Keempat : Pasal 2 ayat (1) jo Pasal 10 jo Pasal 17 Undang-Undang Nomor 21 tahun 2007 tentang Pemberantasan Tindak Pidana Perdagangan Orang, dengan ancaman pidana penjara paling singkat 3 (tiga) tahun dan paling lama 15 (lima belas) tahun dan pidana denda paling sedikit Rp. 120.000.000,00 (seratus dua puluh juta rupiah) dan paling banyak Rp. 600.000.000,00 (enam ratus juta rupiah).
Tersangka Fani sebelumnya telah menjalani penahanan sejak tanggal 24 Maret 2025, dan telah mengalami beberapa kali perpanjangan penahanan sesuai prosedur hukum.
Setelah penyerahan Tahap II hari ini, tersangka kembali ditahan oleh Jaksa Penuntut Umum di Lembaga Pemasyarakatan Perempuan Kelas III Kupang untuk masa penahanan 20 hari, terhitung sejak 12 Juni 2025 hingga 1 Juli 2025.
Sesaat sebelum mengenakkan rompi tahanan, fani sempat menangis tersedu dan menitikkan air mata. di dalam ruangan admin pidum Kejari Kota Kupang.
“Iya, saya kira tadi kita semua lihat dia meneteskan air mata. itu tanda penyesalan. secara hukum ia sudah salah,” urai Mekson Beri menutup wawancara dengan Kabar rakyat Terkini.
Sementara Kejaksaan Tinggi Nusa Tenggara Timur dan Kejaksaan Negeri Kota Kupang berkomitmen penuh untuk menangani perkara ini secara objektif, profesional, dan transparan.
“Keterlibatan dalam memfasilitasi kekerasan seksual terhadap anak dan dugaan perdagangan orang menunjukkan bentuk kejahatan serius yang tidak hanya melukai korban secara fisik dan psikis, tetapi juga merusak tatanan sosial dan nilai kemanusiaan, kata Raka Putra Dharma, Kasipenkum Kejati NTT kepada sejumlah media usai proses tahap II.
Kejaksaan memastikan bahwa proses hukum berjalan tegas dan adil untuk menegakkan keadilan bagi korban serta memberi efek jera kepada pelaku.
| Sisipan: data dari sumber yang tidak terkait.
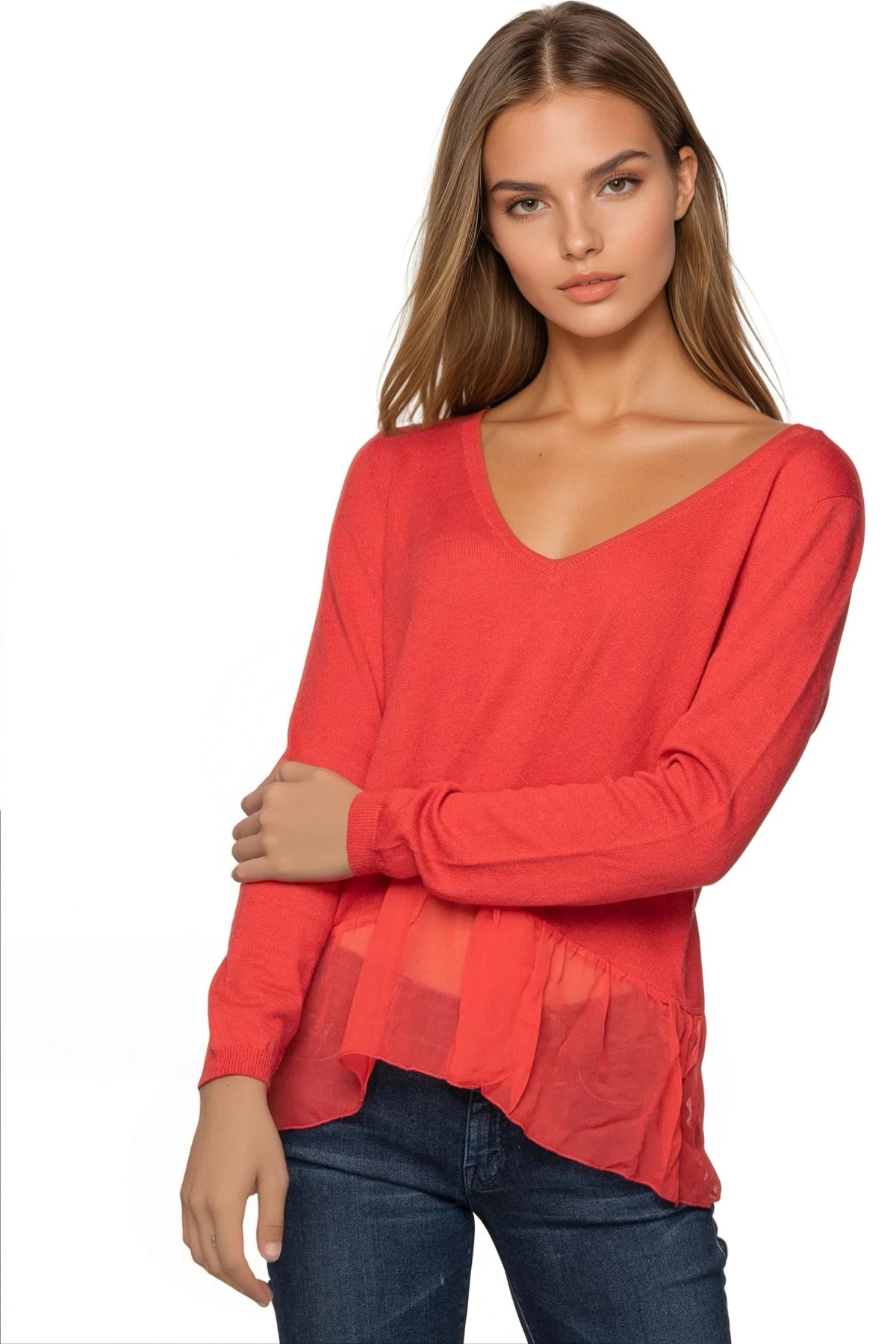 Luxury V-Neck Sweater with Silk Chiffon Elegance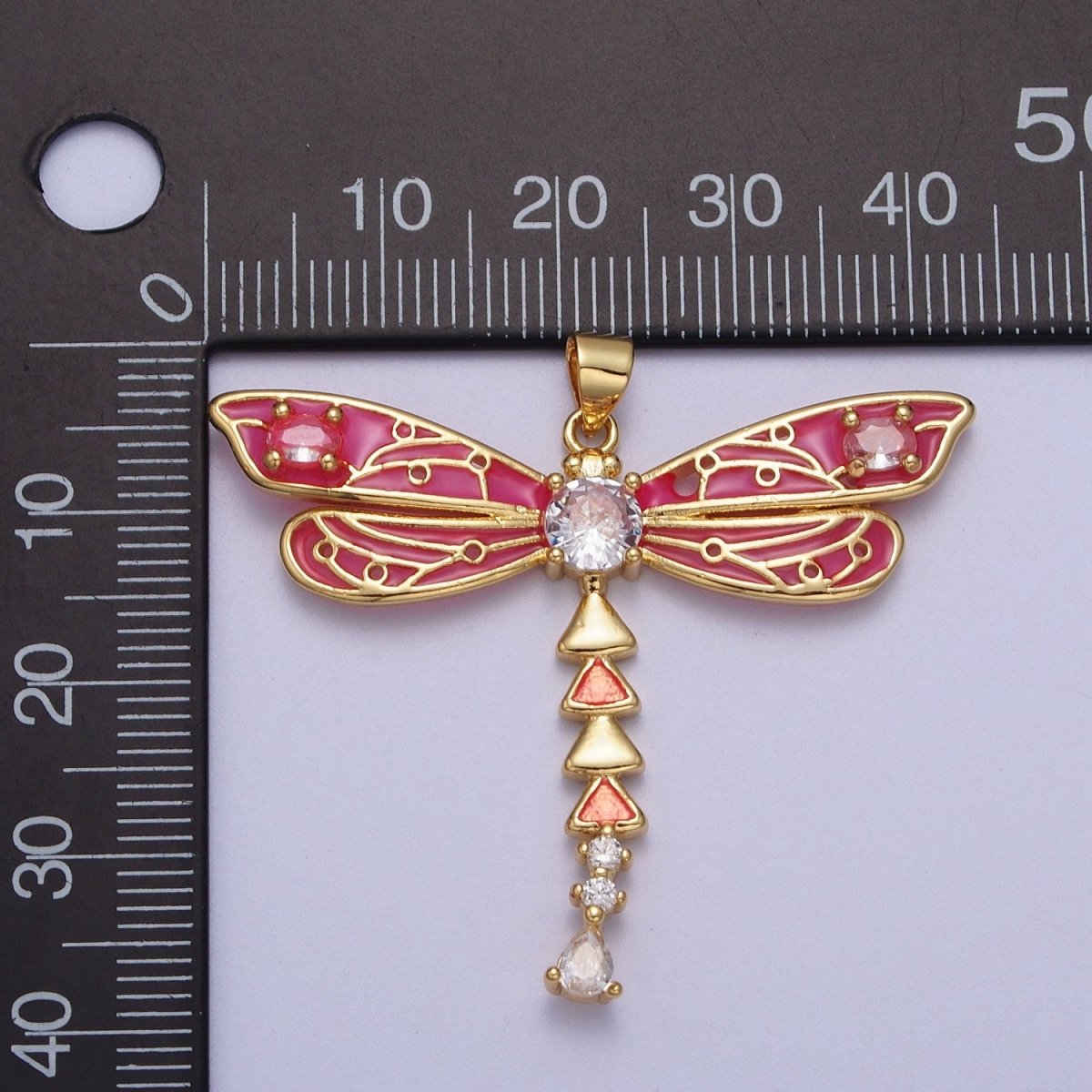 Oval CZ Insect Dragonfly Hot Pink Enamel Gold Pendant H-167 - DLUXCA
Selain itu, Kejaksaan mengajak masyarakat untuk lebih waspada dan aktif mencegah terjadinya Tindak Pidana Perdagangan Orang (TPPO), terutama dengan meningkatkan pengawasan terhadap anak-anak dan mendorong pelaporan setiap indikasi eksploitasi.
Perlindungan terhadap anak dan pencegahan TPPO adalah tanggung jawab bersama demi masa depan generasi yang lebih aman, bermartabat, dan bebas dari kekerasan.